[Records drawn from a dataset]
*** Begin section ***
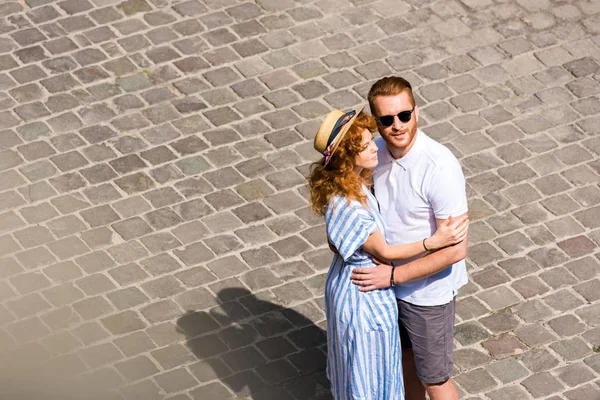 Redhead man in sunglasses embracing girlfriend at city street — Stock Photo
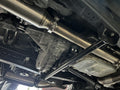 Mount mount kit under vehicle view in a garage setting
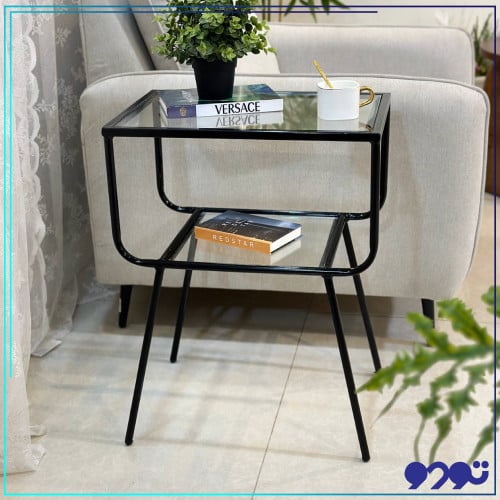 طاولة جانبية كمدينه بلون اسود و بسطح زجاجي شفاف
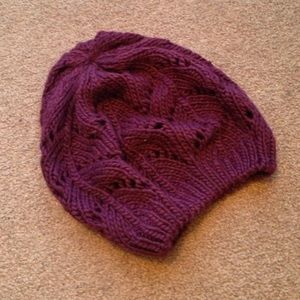Purple knit beanie hat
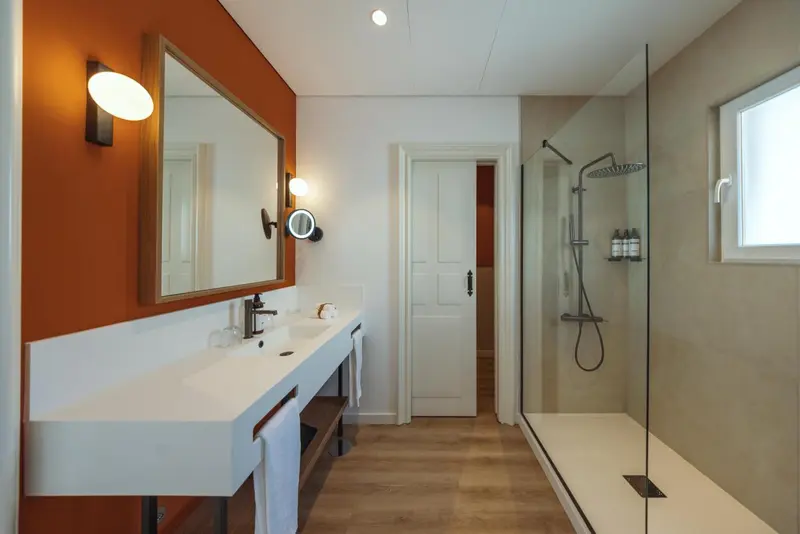 Une salle de bain moderne avec douche à l'italienne et grand miroir.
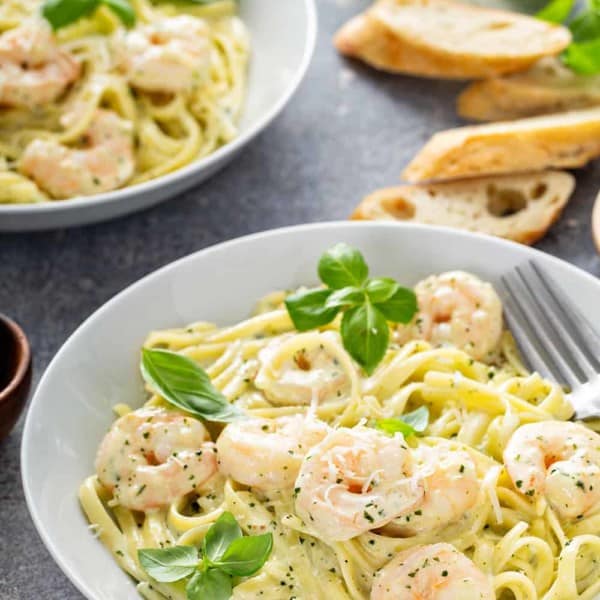 Plated bowl of creamy pesto pasta with shrimp with another bowl and slices of baguette in the background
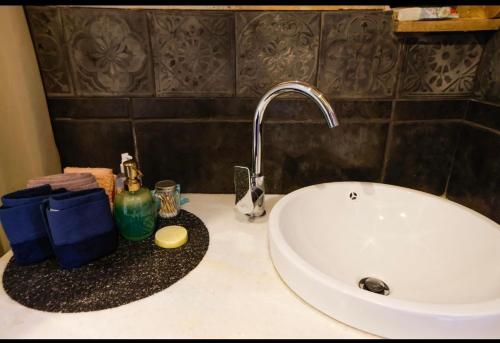 a bathroom counter with a sink and a faucet at Home4U Κερατέα apt5, just 17Km from airport in Keratea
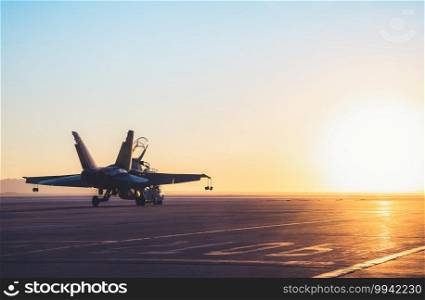 Jet fighter on an aircraft carrier deck against beautiful sunset sky . Elements of this image furnished by NASA. NASA F/A-18 Towed At Sunrise for Flight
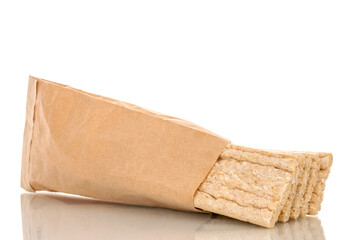 Several rye crispbreads in a paper bag, macro, isolated on a white background.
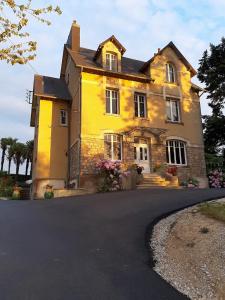 una casa amarilla con una entrada delante de ella en La Garenne, en Bricquebec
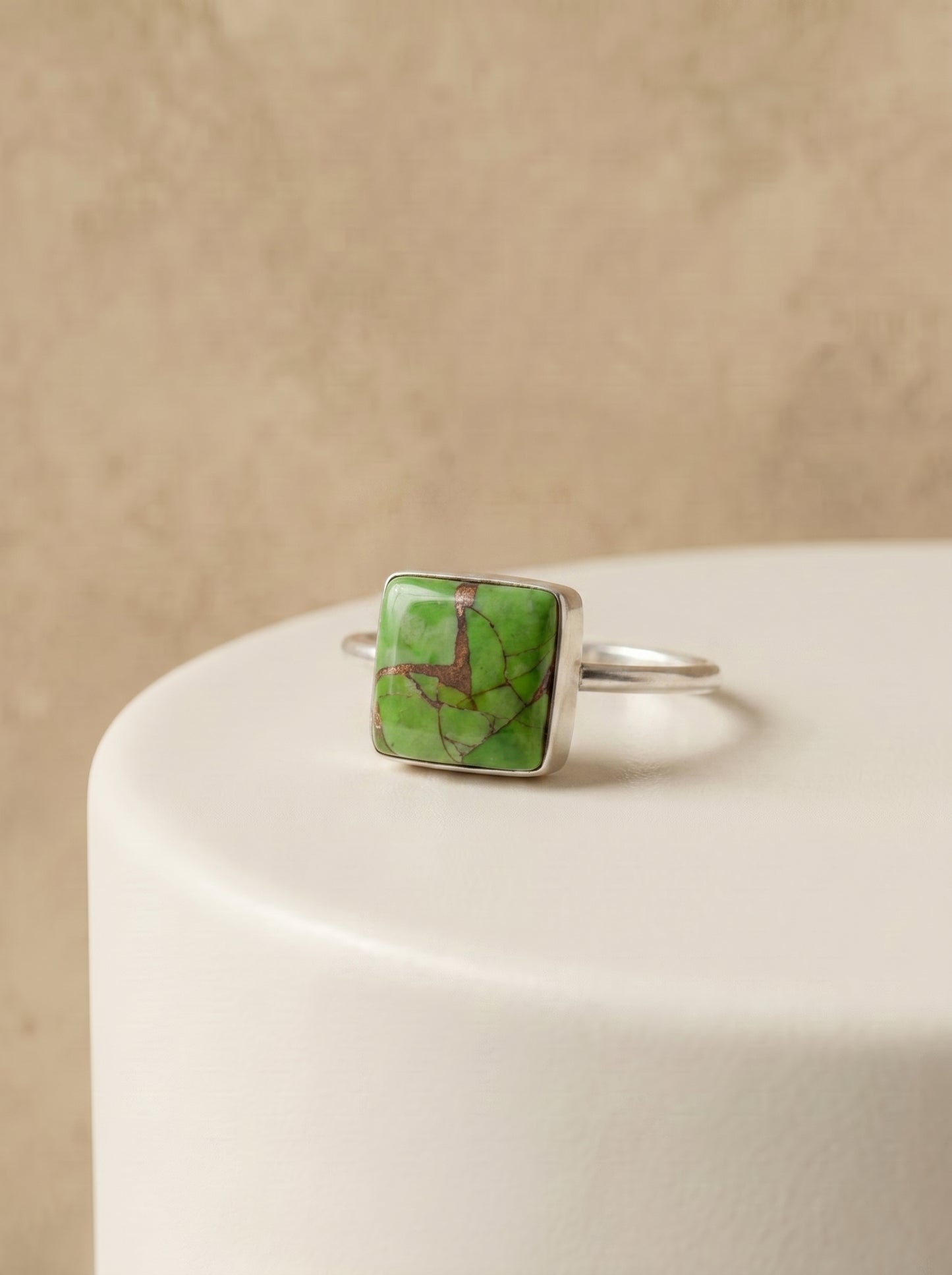 A silver ring with a square green stone featuring natural brown veining, displayed on a white cylindrical pedestal against a textured beige background.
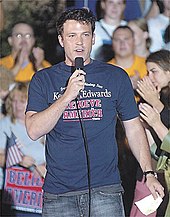 Ben Affleck speaking into a microphone while wearing a Kerry/Edwards campaign tshirt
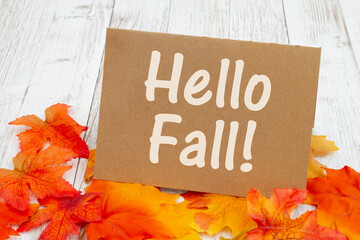 Sticker - Hello Fall message on greeting card on weathered wood with fall leaves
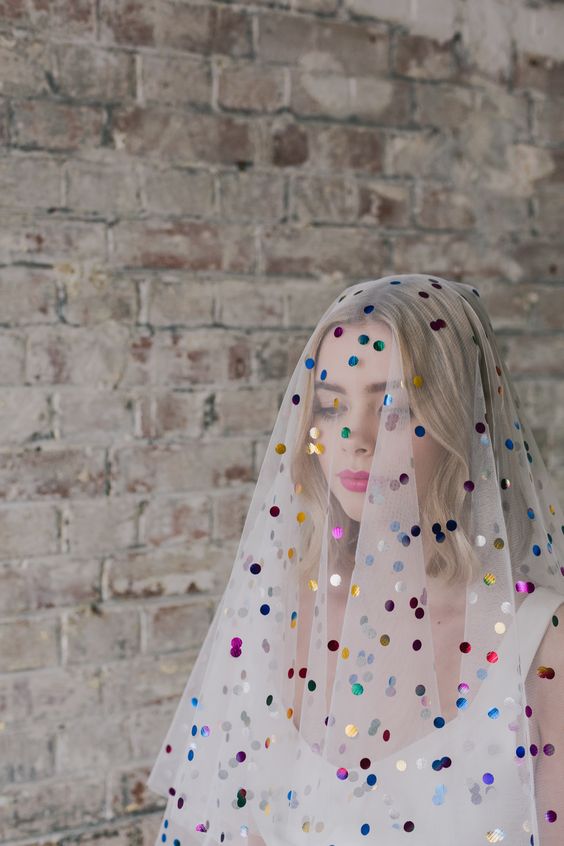 a white veil with colorful polka dots will show your playful mind and your love to colors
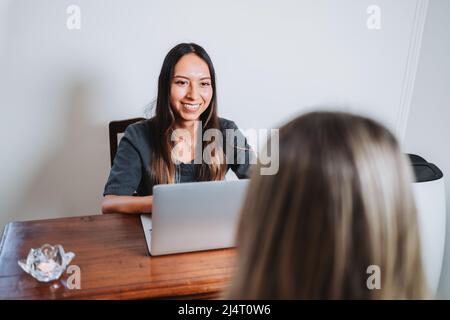Young latin therapist taking data from an unrecognizable patient before a medical meeting. Healthcare consulting. Stock Photo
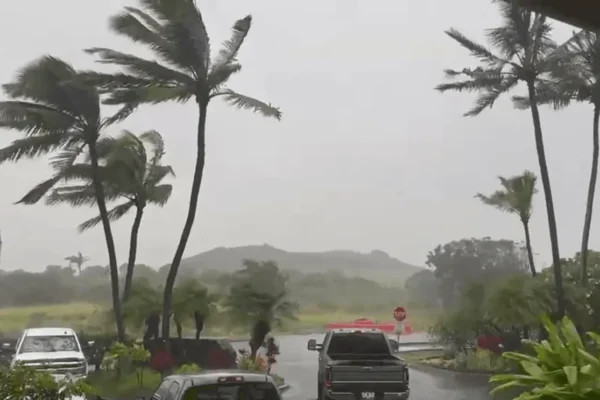 Jeff Harrington in Poipu, Hawaii, preparing for Hurricane Lowell as rain and wind build
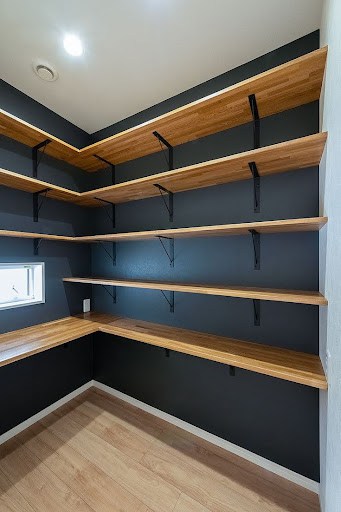 A contemporary walk in closet with bold black walls, wooden shelves, and unique bracket design for an open storage concept.
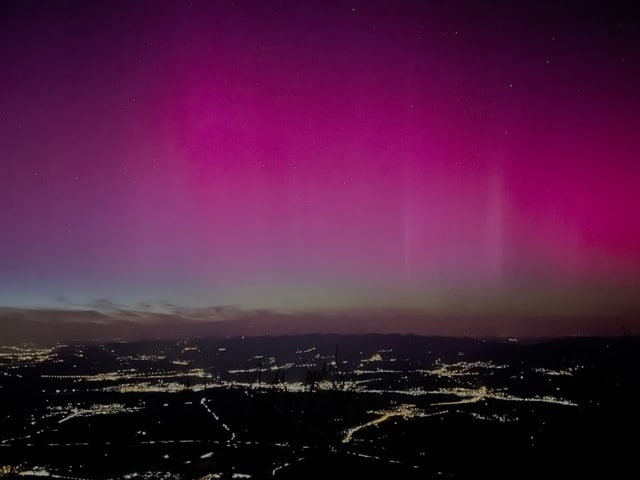 Nordlichter über einer nächtlichen Stadtlandschaft.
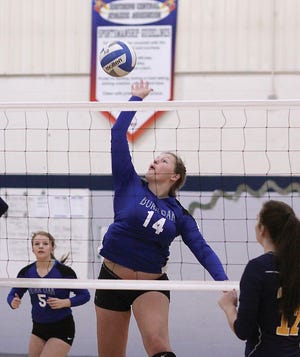 Burr Oak’s Ivy Eells record a kill in the first of two matches with Marshall Academy Monday night.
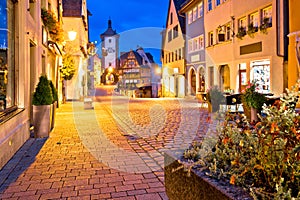 Cobbled street of historic town of Rothenburg ob der Tauber evening view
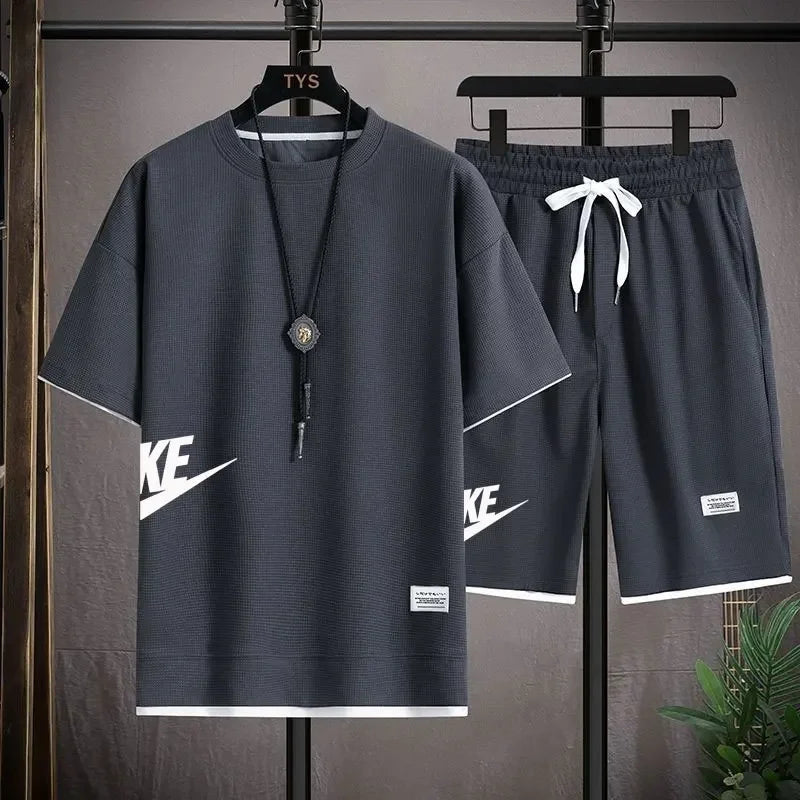 
                  
                    Summer Men's Waffle Sets Casual T-Shirt And Shorts Set Male Sports Suit Solid Color Tracksuit Loose Suits Size 3XL
                  
                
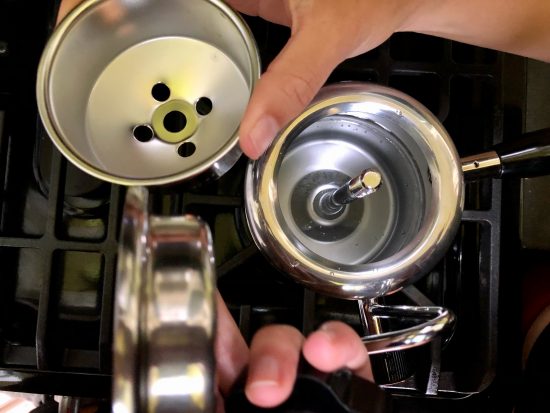 Opening the inside of the stovetop steamer, closeup holding three different parts.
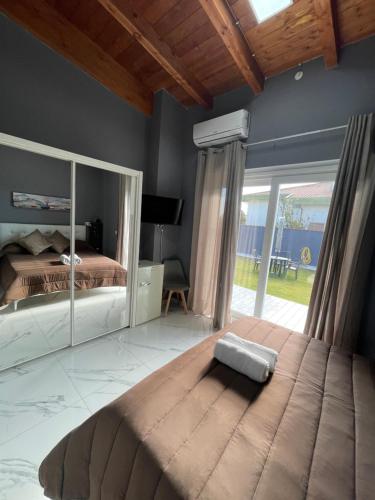 Postel nebo postele na pokoji v ubytování Alma Suite Bed and Breakfast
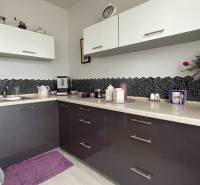 A kitchen with dark cabinets in a studio apartment.
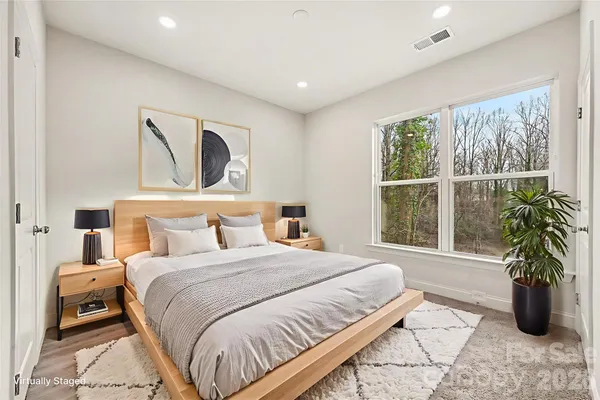 a bedroom with a large bed and a potted plant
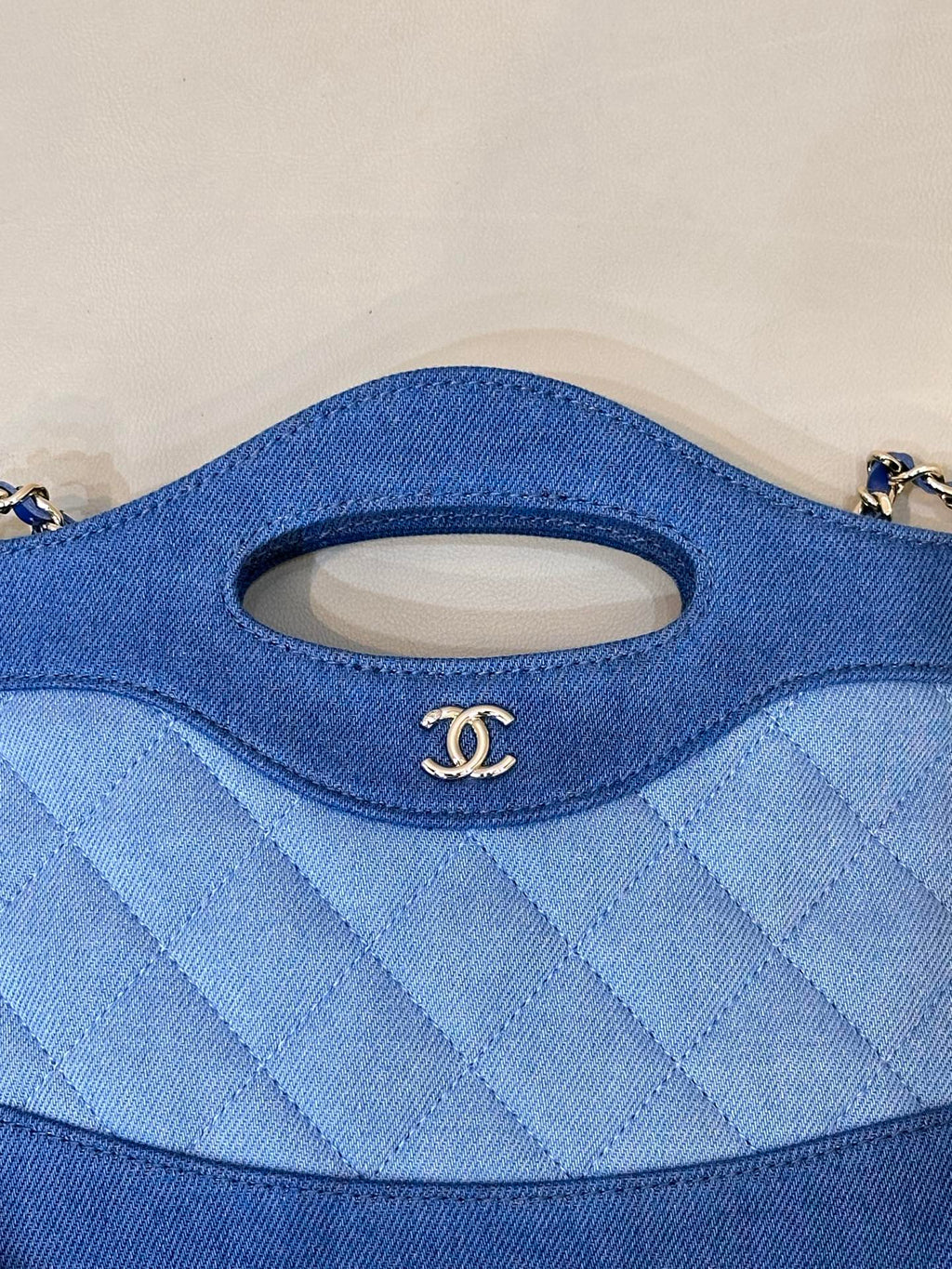 Chanel blue quilted bag close-up of oval handle cutout and stitched fabric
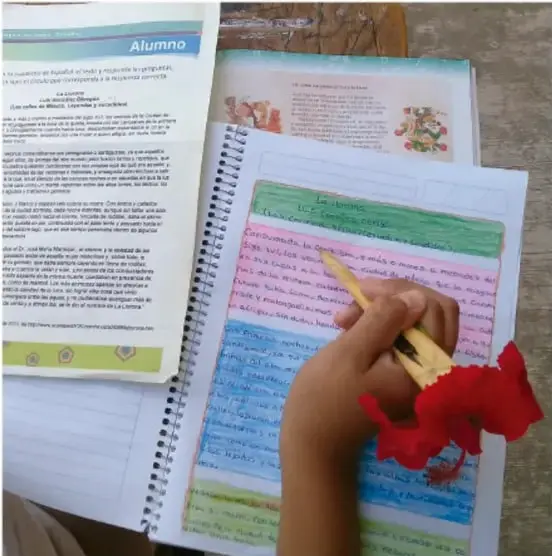 Fotografía de un cuaderno con un resumen escrito a mano con letras de colores (títulos como 'La moldura') junto a libros de texto, mientras una mano escribe con pluma. Crédito: Jesús Eduardo Arteaga Flores, Tamaulipas.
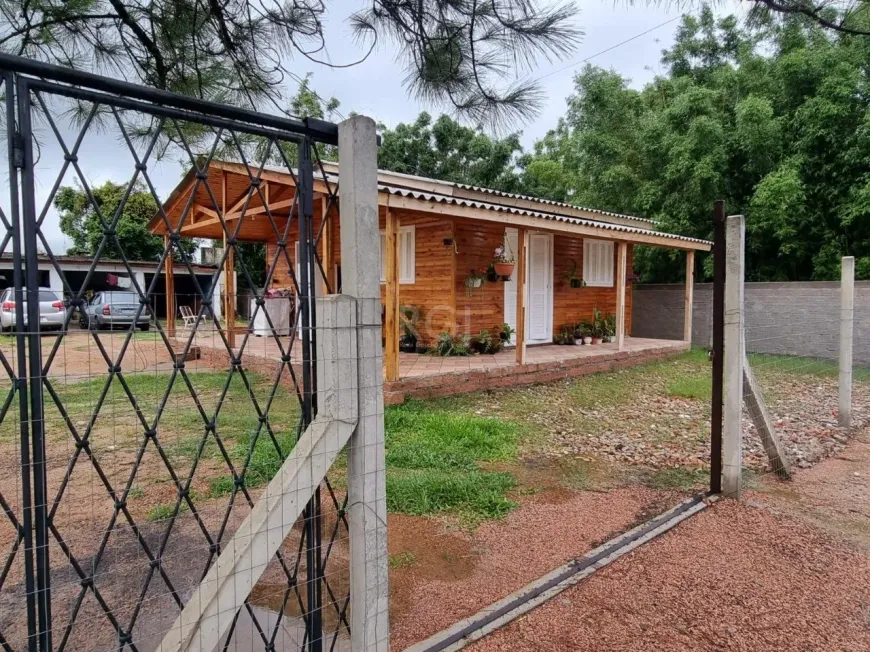 Foto 1 de Casa com 2 Quartos à venda, 319m² em Chapéu do Sol, Porto Alegre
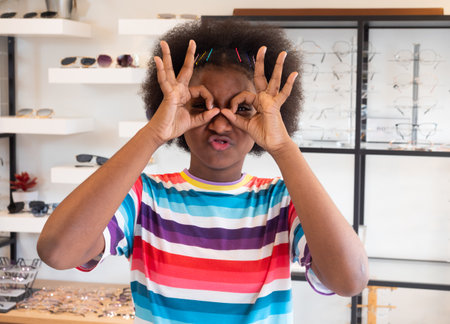 Portrait of a brightly smiling African girl puts her finger in a semicircle symbolizing eyeglasses as she selects a frame in an optical shop.の写真素材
*** End section ***
* **What to produce**: After locating the line containing "Several rye crispbreads" in the entries above, return it and every line after it exactly, ending at the line containing "Ben Affleck speaking", without pictures.

* **Written answer**:
 Several rye crispbreads in a paper bag, macro, isolated on a white background.
 una casa amarilla con una entrada delante de ella en La Garenne, en Bricquebec
 A silver ring with a square green stone featuring natural brown veining, displayed on a white cylindrical pedestal against a textured beige background.
 Ben Affleck speaking into a microphone while wearing a Kerry/Edwards campaign tshirt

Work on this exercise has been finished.